I have been quite quiet over the past few months since my resignation as president of CVA Operations. I must admit, one of the reasons was an inability to conduct the 'improvements' to CVAOps that I had suggested during the last election.

At that time I wished to introduce a training section to CVA that would allow pilots to download small modules challenging them to perform a series of ground/flight manoevers ultimately advancing to a goal of completely type certified on a given aircraft.

My vision is a completely optional program involving 3 aircraft types (DH8 - CRJ - B767) and a series of lessons from VFR aircraft handling to advanced IFR to emergency procedures.
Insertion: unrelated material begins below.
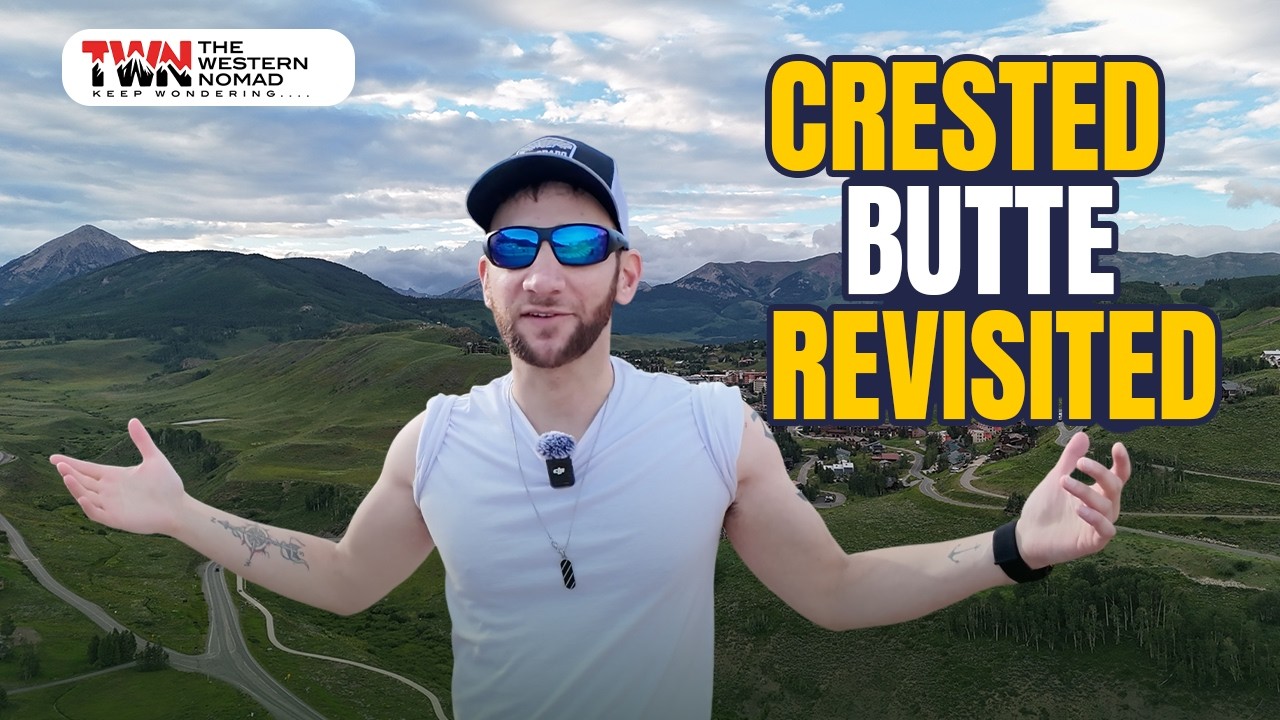 Colorado's Best: The Amazing Town of Crested Butte (Revisited)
All flights would be conducted from a fictional CVA flight training centre located on the prairies (leaning towards Portage la Prairie - a simulated contract with the existing DND facilities)

Each training module would require the pilot to download and fly - and occasionally video record/submit - a lesson and fly the required elements in accordance with CVA flight standard tolerances. A cadre of CVA instructors, who have completed the program and are certified as flight check pilots, would review and provide guidance for the pilots.

I ran a similar program with the rotary wing division of the vCanadian Forces and it was quite well recieved by the participants.

The ultimate goal would be to provide flight training and make CVA drivers, once more, the envy of online virtual aviators. If this is a project that recieves the blessing of CVA management, and there is a clear desire that I produce this curriculum - I will start preparing the lessons and make them available to CVAviators in the new year.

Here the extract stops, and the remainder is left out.